By Bernard King with Jerome Preisler
There's a lot to admire about the life of Bernard King.
He grew up in a tough part of New York with a family that featured a distant, alcoholic father and a mother who really had little clue on how to raise children. Even so, he managed to become one of the best basketball players in the city, and earned a scholarship at Tennessee. From there, King became an All-American for the Volunteers - although he encountered some 1970s-style racism along the way.
The forward left college early to turn pro, and made the transition to the NBA smoothly on the court - although he had some problems off it. King certainly deserved eventual status as a Hall of Famer.

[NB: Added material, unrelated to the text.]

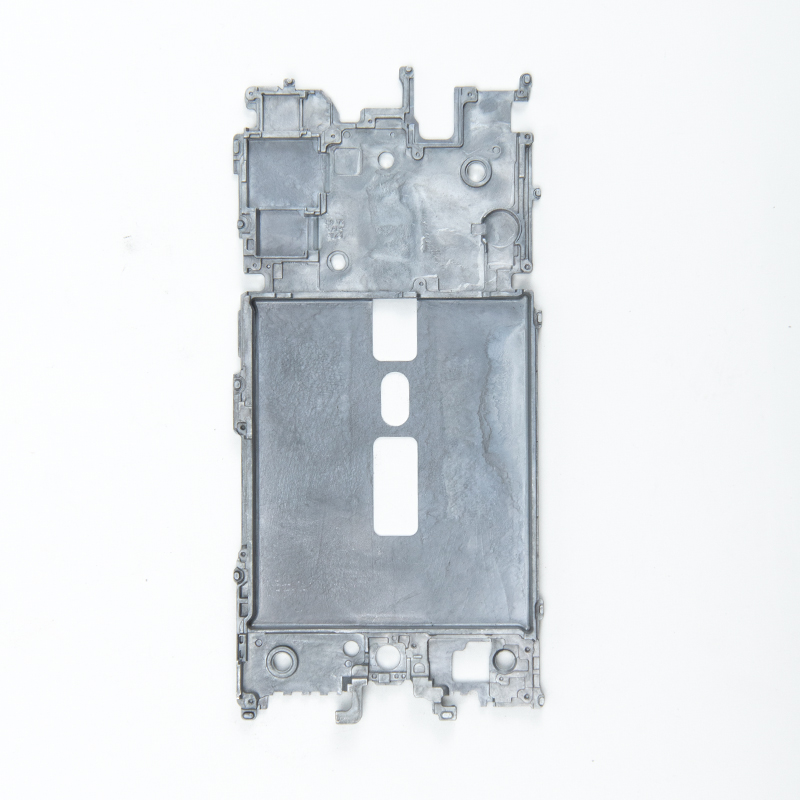 鋁合金鑄造通信電子手機中板壓鑄件產品視頻展示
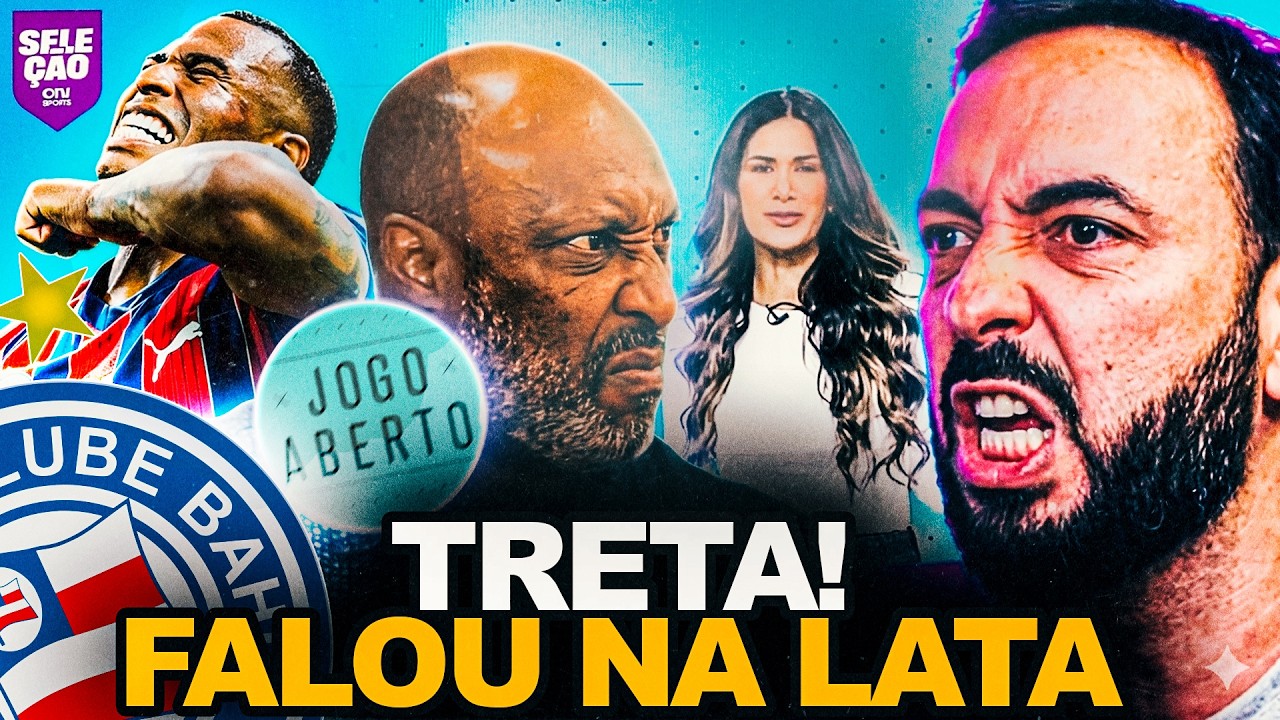 TRETA 👀 APRESENTADOR ATACA RADIALISTA POR CRITICAS EXAGERADAS A JOGADOR DO BAHIA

Now 25 years later, he's written down his account of his life in his autobiography, "Game Face." And it's interesting that King's biggest obstacle - and the one he discusses at the start of the book - had nothing to do with anything listed above.
King suffered about as bad a knee injury as you could find without getting involving in some sort of traffic accident or other disaster. He jumped in the air during a game and knew he was in trouble even before he landed. Doctors looked at him and wondered if he would ever walk normally again. Basketball figured to be in the past, not in his future.
But King worked hard, harder and hardest. He was sidelined for about two years before finally returning to the NBA. King played three full years after the injury, and got his scoring average back up to 28.4 points per game. It was a remarkable comeback.
It's easy to split this book into two parts, one more compelling than the other. King's early years are the interesting ones. His father wouldn't even let him play basketball (or do anything else) outside on Sundays until Bernard defied him. His mother apparently used a strap on him more than one, because that how she was raised. As a result, King said he felt better hiding his feelings behind a "game face" - don't let them know what you are thinking, particularly on the court. Let me assure those who are too young to remember that King was a true handful when playing - a pure scorer who earned his points every single night.
The second half of the story doesn't work as well. One of the obvious reasons is that he played with some mediocre teams over the years - emphasis on "teams," since he bounced around quite a bit through five teams. King didn't come close to playing for an NBA champion. That's not his fault, but it will be noticed by the reader.
Also missing and a little puzzling is the lack of material on younger brother Albert. He was the finest high school player in the country as a senior, and he went on to play at Maryland and then to the pros. Albert isn't even mentioned in the front half of the book, only coming up when the two players met in the postseason.
Albert isn't alone in that description. Bernard's first wife doesn't even have her name mentioned. Also avoided is how King got away from alcohol and drug abuse, a habit he picked up early in his career. And the picture painted about what King has been doing after basketball seems incomplete. He's done some broadcasting work; let's hope he took care of his money and moved happily into middle age.
Naturally, any book written about an athlete from the 1970s or 1980s is going to feel like ancient history to some. Even so, "Game Face" lets us have a peak at a man who admits he didn't like telling much about himself back in the day. Therefore, those in the proper demographic will find this worth a read.